Cisco Contreras, 22, arranges at shoe display at Mervyns in Fresno, Calif. Contreras is one of thousands of temporary workers hired to help stores across the nation deal with the crush of the holiday customers.
Stores need extra help in busy time

FRESNO, Calif. — They’re the elves of the retail world.

Seasonal temporary employees are everywhere helping stores deal with the crush of holiday customers, doing everything from folding sweaters to shipping packages.

Whether it’s the 100 people hired at the Mervyns or the two extra people selling wine glasses and home decor at Tassels in Fresno, temporary workers play a key role in the busiest time of year for retailers.

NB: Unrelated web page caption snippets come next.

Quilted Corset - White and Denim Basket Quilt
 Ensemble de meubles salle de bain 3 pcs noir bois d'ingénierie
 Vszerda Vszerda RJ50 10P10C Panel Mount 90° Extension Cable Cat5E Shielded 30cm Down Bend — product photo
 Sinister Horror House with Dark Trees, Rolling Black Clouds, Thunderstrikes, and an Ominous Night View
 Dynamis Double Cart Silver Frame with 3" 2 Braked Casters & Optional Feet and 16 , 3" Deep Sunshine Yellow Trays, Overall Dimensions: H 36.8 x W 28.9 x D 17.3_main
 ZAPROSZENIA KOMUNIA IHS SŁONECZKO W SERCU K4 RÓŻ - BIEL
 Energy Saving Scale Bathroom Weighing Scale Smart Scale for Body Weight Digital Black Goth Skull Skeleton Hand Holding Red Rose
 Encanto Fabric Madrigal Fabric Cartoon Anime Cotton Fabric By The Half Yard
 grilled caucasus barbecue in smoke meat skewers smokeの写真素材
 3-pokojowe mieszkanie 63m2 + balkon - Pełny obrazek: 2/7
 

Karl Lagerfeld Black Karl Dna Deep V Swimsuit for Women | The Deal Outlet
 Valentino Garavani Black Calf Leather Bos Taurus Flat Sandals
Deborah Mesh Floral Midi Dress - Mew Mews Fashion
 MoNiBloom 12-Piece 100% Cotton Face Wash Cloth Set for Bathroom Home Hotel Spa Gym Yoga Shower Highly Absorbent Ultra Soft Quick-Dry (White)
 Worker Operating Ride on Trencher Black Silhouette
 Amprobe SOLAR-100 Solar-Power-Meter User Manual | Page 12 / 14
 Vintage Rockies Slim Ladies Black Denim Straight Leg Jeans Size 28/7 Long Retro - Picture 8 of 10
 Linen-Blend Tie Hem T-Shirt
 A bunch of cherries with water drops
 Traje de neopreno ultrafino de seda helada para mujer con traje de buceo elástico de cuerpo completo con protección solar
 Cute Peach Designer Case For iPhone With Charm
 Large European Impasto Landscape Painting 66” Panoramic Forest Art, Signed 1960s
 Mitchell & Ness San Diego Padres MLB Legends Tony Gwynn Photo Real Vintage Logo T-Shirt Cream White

Nationally, companies added 71,700 jobs in October, the month in which many start hiring, according to Chicago-based consulting company Challenger, Gray & Christmas, which also said this year could see the “most anemic holiday hiring since 2001.”

Slower-than-normal spending by shoppers may be the reason why. The National Retail Federation predicts 2007 will be the slowest in five years. The 4 percent rise in retail sales is below the 10-year average.

Despite the national slowdown, retailers still need help.

Retailers hire college students, professionals with 9-to-5 jobs, teachers on break, retirees, people between careers and the occasional worker fleeing the crumbling housing and construction industries.

Fresno Mervyns manager Jennifer Borges estimated that 20 percent of her seasonal workers already have full-time jobs.

Cisco Contreras’ seasonal job at Mervyns is his only paycheck, and he hopes the position will turn permanent. He left his previous job in receiving at Sears to go back to school, but said that didn’t work out. Now he spends 20 busy hours a week at Mervyns: “I’m always moving around. I’m constantly filling in shoes that have just been purchased and folding — a lot of folding — everything, towels, shirts, pants, sweaters.”

Tassels co-owner Suzanne Yengoyan said many of her seasonal workers also have well-paying jobs, but choose to work at the store because of their interest in decorating and design.

“These are women who are professional women and have other jobs and just like the environment and want to do something on the creative side,” she said.

At Pottery Barn in Fresno, Anna Stenger is holding her second job. She is one of about 40 workers hired for the holidays who join the store’s regular staff of 25 to 30 people, said assistant store manager Jennifer Srenaski. Stenger works 25 to 30 hours a week at her regular job as a manager at Lino Bella, a linens shop.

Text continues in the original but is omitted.